Matt Parrott: No, it would risk the further ‘othering’ of LGBT students
In what ought to be a year of progress, a year perhaps celebrating and building on the gains made by determined campaigners in finally achieving the equal legal recognition of committed same-sex relationships around the world (notably including Scotland at the stroke of 2015), we have instead had news of what constitutes a regressive step in LGBT affairs.
Such a step, in the form of plans put forward by LGBT Youth North West to establish a state school for lesbian, gay, bisexual and transgender pupils in Manchester, seems innocuous- indeed laudable, at first glance. We rejoice at the idea of young people who have endured horrific bullying being offered a safe haven, a place in which to learn without fear. That far too many young people turn to suicide rather than face a daily onslaught of slurs, ostracism, or worse goes without saying. That something must be done to prevent this, equally so.
However, the act of constructing a school specifically for young people who identify as something at variance with the aggressively heteronormative values of our society not only crudely reduces sexual and gender orientation to a set of fixed and often arbitrary identities, but actually assists in the ‘othering’ of people for whom ‘straight’, ‘fe/male’, or otherwise don’t fit. What’s more, it provides ammunition to all those who desire to simplify the world by gross generalisations. Such ammunition, once handed over, can all too easily explode in a myriad of unexpected ways. Let us not think of the horrors which could result by a potentially institutionalised process of ‘determining’ a young person’s orientation/identity after the precedent of such children attending a ‘special’ school has been set.
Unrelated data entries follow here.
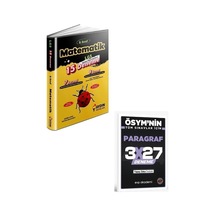 Aydın 2027 8. Sınıf Lgs Matematik 15 Deneme Video Çözümlü+ Evp Akademi Paragraf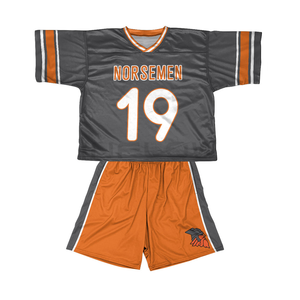 Maillot d'équipe de crosse sur mesure vêtements de sport bas quantité minimale de commande impression numérique uniformes de crosse sublimés uniforme de football américain - Product Image 5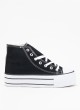 Bottines Keslem Plateforme noir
While great progress has been made in the advancement of LGBT rights under the guise of the LGBT labels, such labels are useful only in terms of explanation to a layman. Whether a woman who is sexually attracted to women exclusively, but perhaps occasionally romantically to men, calls herself a lesbian or not is entirely down to her own personal preferment, as she alone knows her own feelings. But what would society call her? More importantly, how would it treat her?
The truth, as ever, is far more complicated than a set of handy (and often colour co-ordinated) name tags. Alfred Kinsey demonstrated some 60 years ago that human sexuality is changeable, fluid and far from easily pinned down. His research further demonstrated that a person’s self-reported sexual identity often did not match with their actual or past behaviour. Evidently, sex and love often cannot be summarised by labels. This approach may have been useful when deviating from accepted norms was tantamount to sedition, but not when legal equality for all is on its way.
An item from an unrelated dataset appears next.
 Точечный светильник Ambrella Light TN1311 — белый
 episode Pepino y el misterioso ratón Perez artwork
Instead of giving young people the opportunity to self-select out of the hypocritical and often ignorant culture that pervades many of Britain’s schools, we ought to be challenging the very culture itself. Problematising the notion that heterosexuality is the norm through pedagogical methods which encourage individual and analytical thought; exposing young people and indeed the faculty staff to those who differ from themselves; and enforcing a zero-tolerance approach to bullying among both students and staff would be farsighted and negate the risks inherent in facile ‘othering’. After the repeal of Section 28, which effectively banned discussion of homosexuality in schools, this course of action is now both possible and, so long as young people are taking their own lives, urgent.